Her dream job? “I’ve always said I was gonna play in the WNBA, but after that, I wanted to be a sports broadcaster for ESPN. So my dream job would be to sit on the set and just talk trash pre and postgame pretty much about anything. That would be the dream job.”
On making 141 free throws in a row at practice and why she didn’t make No. 142: “(Coach) brought the drumline down, the band practices in one of the other gyms at night and I’m on like 135, 136, and he brings them down and right before I start shooting, the drumline, like six guys – boom, boom, boom, boom. I’m laughing so hard, it wasn’t the drums, it was me laughing at the drums and everyone else laughing that, I missed.”

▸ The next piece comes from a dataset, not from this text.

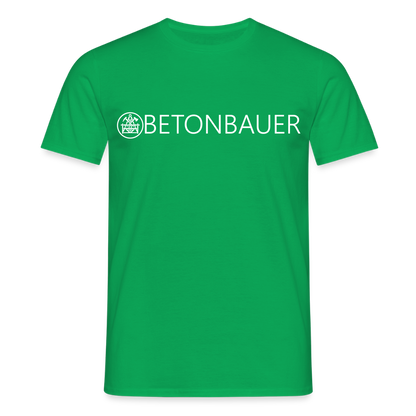 Unisex T-Shirt "Betonbauer" Kelly Green Männer T-Shirt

Playing H-O-R-S-E with her dad: “He stopped playing me when I was about 13, 14 because we’d play for who’s gonna pick up the dog poop. And I’d lose every time until about 13, 14, where I just decided, you know what, I’m done. So after then, I haven’t picked up dog poop since.”
On projections that she’ll go No. 3 in the WNBA draft: “It’s crazy, right? I feel like I’ve got to pinch myself sometimes and we’re almost probably a month-and-a-half, two months away. But for now, just trying to stay in the moment. This is what matters, this is what I work for and there’s a lot left to play for this season, so I’m not really worried about that one yet.”